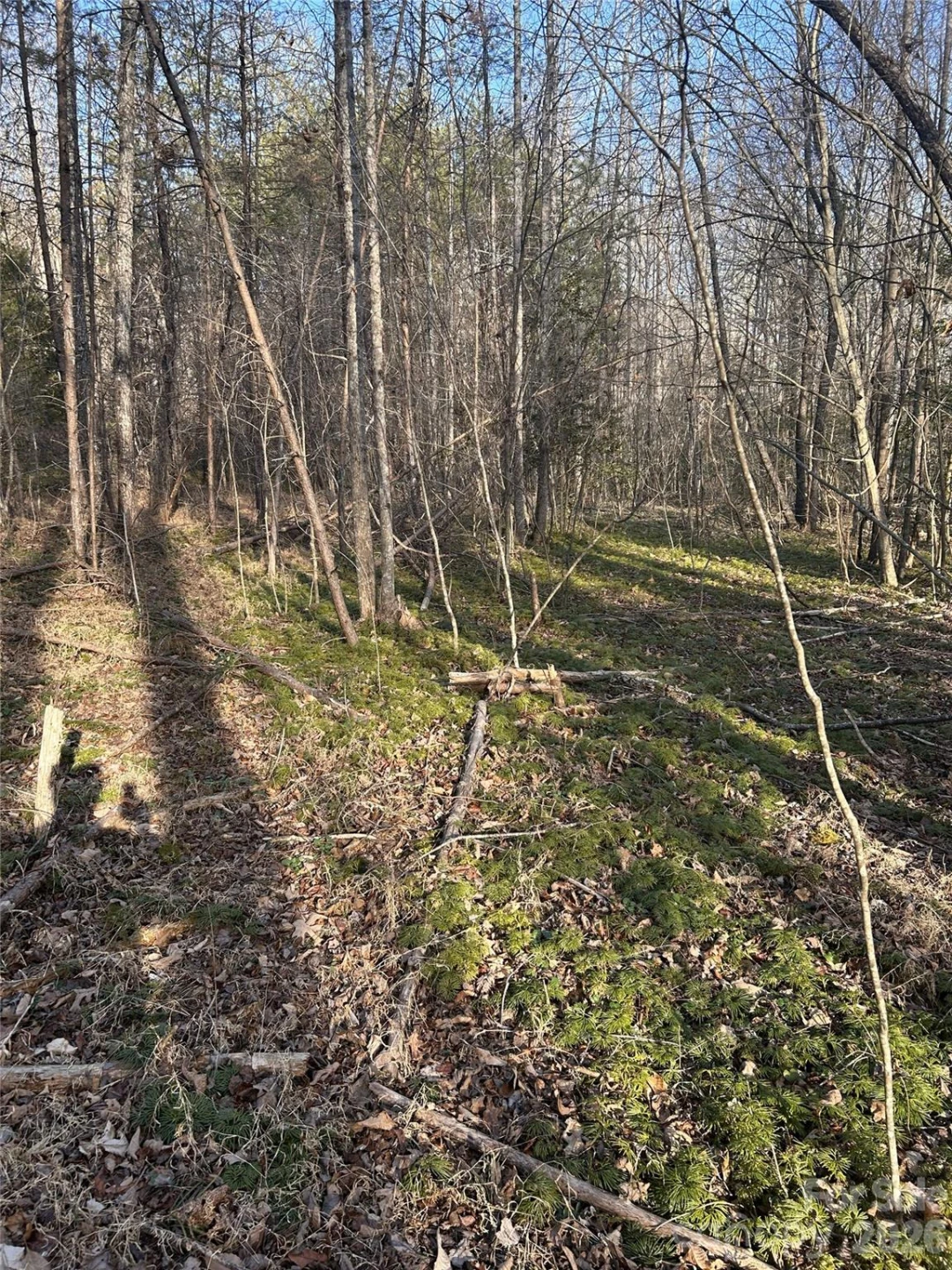 Lot 24 Double Eagle Drive #24 - Photo 25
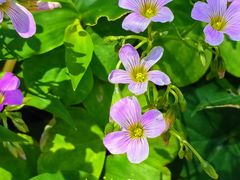 -神光山国家森林公园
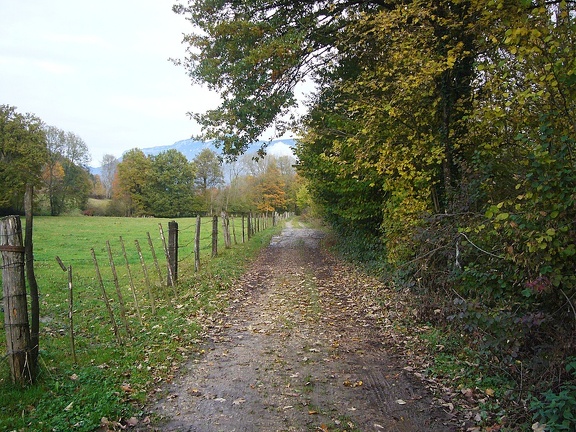 Chemin de campagne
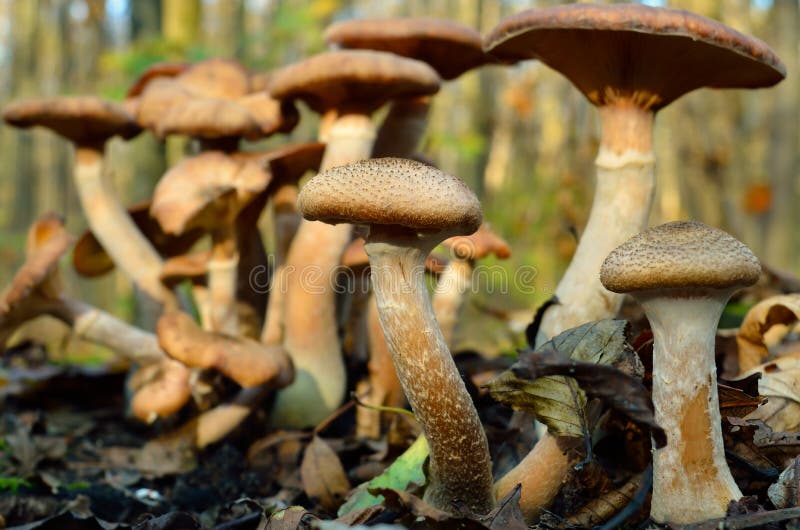 Wild Forest Mushrooms Grow in the Autumn Forest Stock Image Image of fresh, edible 259670621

• Instructions to follow: Please print everything in the material exactly, apart from the pictures.

• Task output:
 Lot 24 Double Eagle Drive #24 - Photo 25
 -神光山国家森林公园
 Chemin de campagne
 Wild Forest Mushrooms Grow in the Autumn Forest Stock Image Image of fresh, edible 259670621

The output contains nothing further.